> **WHAT YOU ARE ASKED TO DO**: Would you write out the full listing exactly, without any pictures?

> **MATERIAL PROVIDED**:
▬▬▬

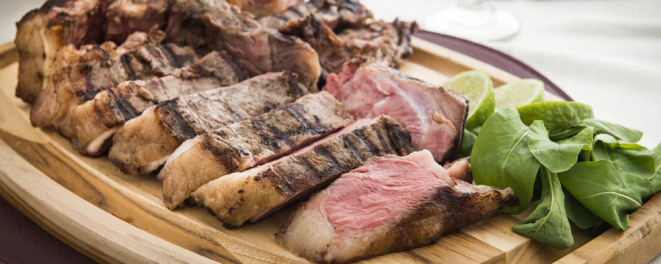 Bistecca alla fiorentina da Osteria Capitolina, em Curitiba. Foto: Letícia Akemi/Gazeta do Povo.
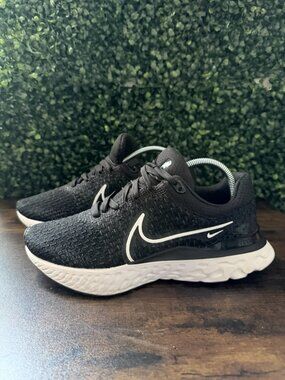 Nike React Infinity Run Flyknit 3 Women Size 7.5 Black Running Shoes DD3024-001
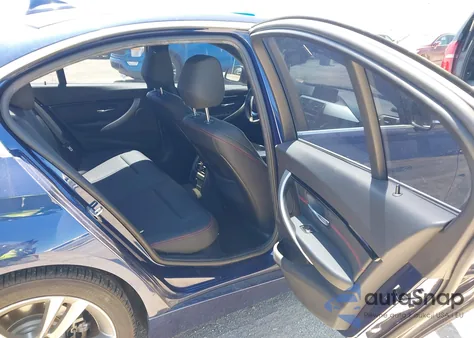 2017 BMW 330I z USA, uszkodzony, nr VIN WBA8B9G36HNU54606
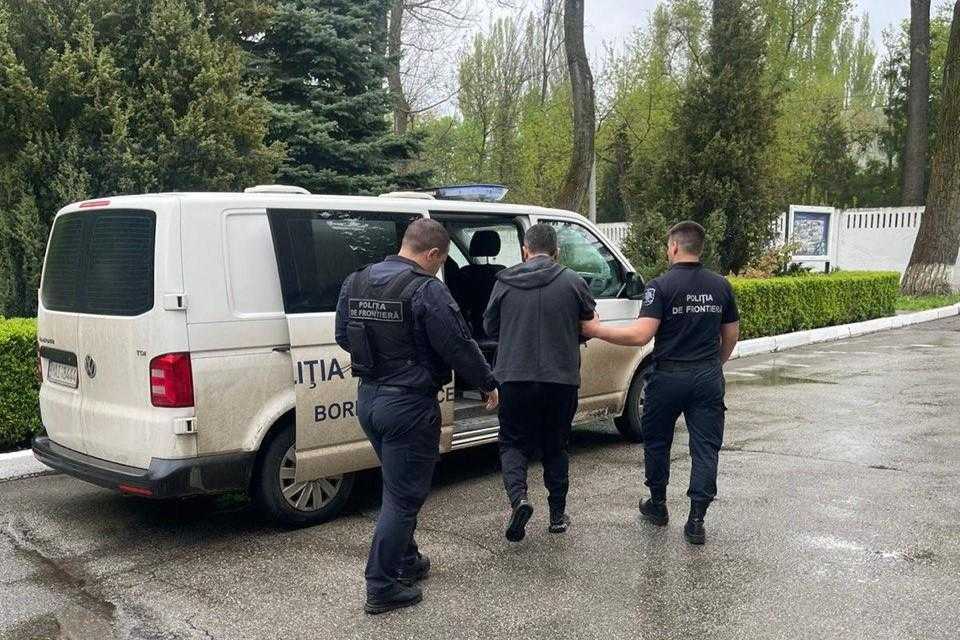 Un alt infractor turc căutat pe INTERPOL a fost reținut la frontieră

▬▬▬

> **THE COMPLETED TASK**:
 Bistecca alla fiorentina da Osteria Capitolina, em Curitiba. Foto: Letícia Akemi/Gazeta do Povo.
 Nike React Infinity Run Flyknit 3 Women Size 7.5 Black Running Shoes DD3024-001
 2017 BMW 330I z USA, uszkodzony, nr VIN WBA8B9G36HNU54606
 Un alt infractor turc căutat pe INTERPOL a fost reținut la frontieră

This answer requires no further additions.